Experimental culture studies of living radiolarians experience many difficulties because radiolarians are too sensitive to be maintained alive in artificial conditions. We here developed an improved experimental protocol in order to detect newly-formed parts of the polycystine radiolarian skeletons after they were labeled with fluorescent markers. Living samples were collected from surface seawater of the Kuroshio Current offshore from Kashiwajima Island, Kochi Prefecture on the island of Shikoku, Japan. The taxonomic composition of the Kashiwajima radiolarian samples varied markedly across the seasons and sampling sites. Spumellaria were usually abundant in samples collected near Kashiwajima, and had high diversity in shell morphology. Here, we performed experimental studies on living spumellarian radiolarians to clarify their siliceous skeletogenesis. Our culture-based research on spumellarians provided the following results.
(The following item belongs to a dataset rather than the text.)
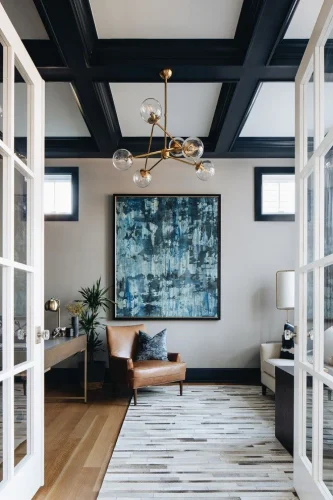 Black & White Colour Combination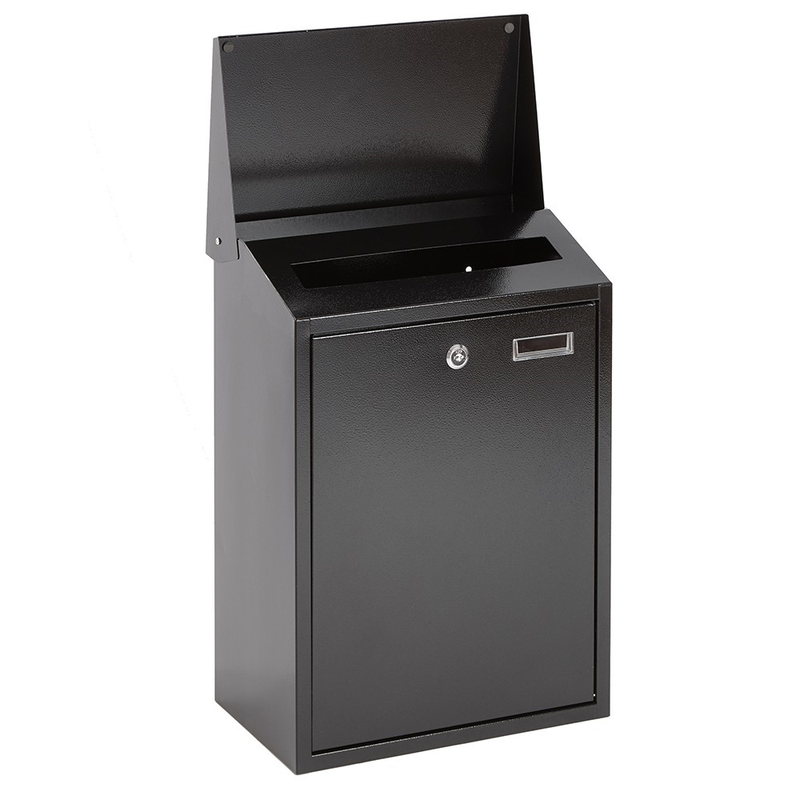 Outdoor Steel Mail Box (With 2 Keys) Home True Shopping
(A) The pattern of silica deposition on the skeleton of Spongaster tetras tetras varies depending on the growth stage. Three ontogenetic stages were identified: (1) young, (2) progressively-growing and (3) fully-grown. Furthermore, novel varied types of skeletal growth modes were determined as follows: (i) rapid growth on the outermost shell with enlargement of shell size and (ii) internal deposition on skeletal components without change in shell size. From measurements of the growth rate of cultured radiolarians, it is assumed that S. tetras tetras cell has at least a month-long life cycle.

(B) Spherical spumellarians have their own shell-forming strategy that permits additional silicogenesis while maintaining the taxonomically-specific shape of their shell; the meshwork of their shell surface consists of polygonal-shaped pore-frames formed by heterogeneous patterns of added silica.

Our direct observation with fluorescence markers detected a skeletogenesis process of Haliommilla capillacea possessing a fragile spherical shell. We thus confirm the bridge-growth hypothesis for morphogenesis of the polygonal frame as proposed in previous studies. Spongosphaera streptacantha, having extremely long spines, exhibited a special growth pattern of spine elongation in a centrifugal direction, without a change in width. This was achieved by a particular temporal pattern of silicification characterized by an alternating pattern of patchy addition of new silica on the entire part of each blade from the base to the tip. Moreover, a thin layer of new silica was added by a flowing deposition along the edge of the spine. Based on these culture-based studies using living radiolarians, we conclude that Spumellaria control and maintain a particular shell shape by regulating where silicification takes place on the skeleton, particularly depending on the growth stage.